Aesthetics - Since SRW units are available in a variety of sizes,
shapes, textures and colors, segmental retaining walls provide designers
and owners with both an attractive and a structurally sound wall system.
Ease
of Installation - Most SRW units can be placed by a single construction
worker. The dry stack method of laying units without mortar allows
erection of the wall to proceed rapidly.
Economics
- SRWs provide an attractive, cost effective alternative to conventional
cast-in-place concrete retaining walls.
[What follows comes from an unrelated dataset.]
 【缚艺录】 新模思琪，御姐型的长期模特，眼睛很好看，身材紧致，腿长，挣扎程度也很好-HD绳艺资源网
Savings are gained because
on-site soil can usually be used eliminating costs associated with
importing fill and/or removing excavated materials, and because there
is no need for extensive formwork or heavy construction equipment.
Durability
- Segmental units are manufactured of high compressive strength,
low absorption concrete which helps make them resistant to spalling,
scour, abrasion, the effects of freeze-thaw cycles, rot, and insect
damage.
Performance
- Unlike rigid retaining wall structures, which may display cracks
when subjected to movement, the flexible nature of segmental retaining
walls allows the units to move and adjust relative to one another
without visible signs of distress.
Site
Design Consideration - Typical designs and specifications for
segmental retaining walls should be prepared by a designer who has
technical knowledge of soil and structural mechanics. Each SRW unit
manufacturer can provide design information tailored to that product,
which will indicate the wall heights and design conditions when an
SRW should be designed by a qualified engineer. In addition, SRW systems
should be designed by a qualified engineer when:
- structures
will be surcharged
- walls
will be subjected to live loads
- walls
will be founded on poor foundations
- the
nature of the design conditions requires special consideration.
Geosynthetic
Length and Spacing - For soil-reinforced segmental retaining walls,
geosynthetic reinforcement increases the mass of the composite SRW
structure, and therefore increases the resistance to destabilizing
forces. Length of the geosynthetic is typically controlled by external
stability calculations. Increasing the length of the geosynthetic
layers increases the SRW's resistance to overturning, base sliding,
and bearing failures. In some instances, the length of the uppermost
layer(s) is locally extended in order to provide adequate anchorage
(pullout capacity) for the geosynthetic layers. The strength of the
geosynthetic and the frictional interaction with the surrounding soil
may also affect geosynthetic length.
A sufficient number and strength of geosynthetic layers must be used
to satisfy horizontal equilibrium with soil forces behind the wall
and to maintain internal stability. In addition, the tension forces
in the geosynthetic layers must be less than the design strength of
the geosynthetic and within the allowable connection strength between
the geosynthetic and the SRW unit.
Drainage
System - Drainage is an essential part of a properly designed
SRW. Drainage materials are generally well-graded aggregates. A properly
designed drainage system relieves hydrostatic pressure in the soil,
prevents retained soils from washing through the face of the wall,
provides a stiff leveling pad to support a column of stacked facing
units, and provides a working surface during construction. Surface
water drainage should be designed to minimize erosion of the topsoil
in front of the wall toe and to direct surface water away from the
structure.
Batter
- Segmental retaining walls are generally installed with a small
horizontal setback between units, creating a wall batter into the
retained soil. The wall batter compensates for any slight lateral
movement of the SRW face due to earth pressure, ensuring that the
finished wall does not appear to rotate.
Unit
Size and Shear - In conventional (gravity) SRWs, where the stability
of the system depends primarily on the mass and shear capacity of
the SRW units, increasing the SRW unit width or weight provides greater
stability, larger frictional resistance, and larger resisting moments.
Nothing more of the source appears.